Facing pressure in California to classify their freelance drivers as employees, Uber Technologies (UBER) - Get Report and Lyft (LYFT) - Get Report, are pondering a detour in their usual ride sharing approach - licensing their brands to vehicle fleet operators as a workaround to a new law that grants gig workers employment benefits.
Citing people with the plans, the New York Times reported Wednesday that both ride-hailing companies are exploring the option as a way to keep an arms-length association with drivers so that they would not need to employ them and pay benefits.

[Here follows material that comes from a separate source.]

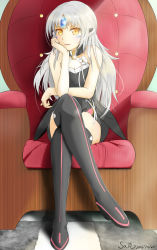 Rule 34 | 1girl, 2016, absurdres, bare shoulders, black footwear, black thighhighs, boots, code: nemesis (elsword), crossed legs, dated, dress, elsword, eve (elsword), facial mark, forehead jewel, head rest, highres, long hair, looking at viewer, parted lips, raven cronwell, sa (sam-ya), sitting, solo, thigh boots, thighhighs, throne, white hair, yellow eyes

The discussions come on the heels of a new California law, Assembly Bill 5, which grants gig workers employment benefits. While the law went into effect in January, Uber and Lyft have not complied, arguing they are tech platforms and are not transportation businesses.
In May, California sued Uber and Lyft to enforce the new law. Earlier this month, a San Francisco Superior Court judge ordered the companies to employ their drivers by Thursday. Executives at Uber and Lyft have both appealed that decision, arguing they cannot meet that deadline and will be forced to turn off their services as early as Friday.
Both companies have threatened to leave the state until November, when California voters will decide on Prop 22 -- backed by a number of gig platforms including Uber, Lyft and DoorDash -- that would overturn key provisions of AB5.